對初學者而言,有許多方式可以培養定力和覺知能力,如我以前說過的,即使在一次的呼吸中,你可以數息,從一數到十,試著去數息。當你吸氣時,你在心中默數,最少數到五,最多數到十。你為什麼數息?因為你想要專注於呼吸,一個呼吸接著一個呼吸。如果你沒有數息,第一秒鐘,你知道你在呼吸,而下一秒鐘,你的心跑掉了,打妄想去了。為了不讓心跑掉,不去打妄想,你試著去數息,這對初學者是有用的。過了一段時間,你不需要再數息,不需要標明,只需緊緊跟著呼吸。當你禪修時,你的身體會有感覺,有時你會感到熱,有時感到冷,有時有刺痛的感覺,有時覺得痛。當你的身體的感受變得非常強時,自然你的心會跑到那感覺上,你無法阻止心去那裡。當你的心跑去那裡時,看著它,毗婆舍那禪可以改變所緣境,你只要覺知所緣境,不要去想,這是為何毗婆舍那所培養的定稱為剎那定。剎那定指所緣境改變了,而定力仍在。觀察的目標(所緣境)只持續片刻,你緊緊跟著那個目標,直到它消失,然後你的心又專注在另一個目標上,你的心緊緊跟著所緣境,而這只持續片刻。剎那定並非指:你覺知所緣境只有片刻的時間,你的定力只持續一會兒。它的意思是:你的定力是一剎那接著一剎那,沒有間斷,沒有間斷指心不散亂,此即所謂的剎那定。

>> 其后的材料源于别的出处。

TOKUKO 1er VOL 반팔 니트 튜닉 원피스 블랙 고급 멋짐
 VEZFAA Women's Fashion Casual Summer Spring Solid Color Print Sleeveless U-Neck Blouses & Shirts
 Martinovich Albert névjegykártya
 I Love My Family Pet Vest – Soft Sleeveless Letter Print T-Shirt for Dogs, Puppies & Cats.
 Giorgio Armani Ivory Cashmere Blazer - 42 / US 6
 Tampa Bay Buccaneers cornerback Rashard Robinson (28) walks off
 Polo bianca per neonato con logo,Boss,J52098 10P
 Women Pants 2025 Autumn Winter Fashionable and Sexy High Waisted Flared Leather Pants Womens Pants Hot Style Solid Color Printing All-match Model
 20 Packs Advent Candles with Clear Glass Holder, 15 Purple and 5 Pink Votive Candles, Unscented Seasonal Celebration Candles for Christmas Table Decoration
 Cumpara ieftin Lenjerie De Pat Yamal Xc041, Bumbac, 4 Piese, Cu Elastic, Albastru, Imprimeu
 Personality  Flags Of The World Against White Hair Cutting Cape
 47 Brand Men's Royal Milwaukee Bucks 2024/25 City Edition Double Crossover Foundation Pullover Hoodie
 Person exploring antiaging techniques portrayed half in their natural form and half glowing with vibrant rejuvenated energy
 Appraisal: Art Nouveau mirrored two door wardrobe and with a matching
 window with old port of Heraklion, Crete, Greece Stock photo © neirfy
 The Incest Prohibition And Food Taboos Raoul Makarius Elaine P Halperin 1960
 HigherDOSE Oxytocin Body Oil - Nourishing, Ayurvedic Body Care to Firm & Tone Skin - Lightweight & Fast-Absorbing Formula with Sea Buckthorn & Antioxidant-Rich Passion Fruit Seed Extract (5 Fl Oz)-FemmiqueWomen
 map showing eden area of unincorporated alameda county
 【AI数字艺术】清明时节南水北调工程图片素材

當任何強大和明顯的感受生起時,無論它是一種聲音或是疼痛,緊緊跟著它,不要有任何念頭生起。禪修時,凡是正在發生的事物即是你的所緣境,以前發生的或即將發生的事物並非所緣境。有個很好的例子︰在一個多雲的下雨天,一直打雷,如果你出去看天空,偶爾你會看見閃電,它持續幾秒鐘,然後消失。你無法分辨它是什麼形狀,當閃電時,你知道在閃電;當沒有閃電時,你毋須去想它。先準備好禪修,當所緣境出現時,你能夠覺知他們的生滅。不要期待接著會發生什麼事,不要試圖創造經驗,不要想讓你的禪修經驗更好,只要緊緊的跟著所緣境。禪修中最重要的是:緊緊跟著所緣境。


我們不能一直坐著,我們的身體需要移動,需要一些運動,改變姿勢是非常重要的,佛陀說:「當你的身體保持相同的姿勢太久時,身體會疼痛;當身體疼痛得無法忍受時,心會浮躁不安;當心浮躁不安時便無法平靜、平和,此時,不再有定力;沒有定力,觀智便無法增長;沒有觀智便無法獲得解脫。」當疼痛變得無法忍受時,你可以改變姿勢。當你改變姿勢時,要很有正念去做。打坐時,你想要移動一點點,你可以這麼做。當你慢慢的移動時,你發現疼痛減輕了。當你感到疼痛減輕時,不要立刻改變你的姿勢,如果你立刻改變姿勢,有個間隔是你無法覺知的,當你四肢痠痛時,你想要解除痠痛,如果你不改變姿勢,你可能受傷。例如,當我們拿到非常燙的東西時,我們會立刻放下它,如果我們不放下,我們的手會燙傷,這是一種保護反應。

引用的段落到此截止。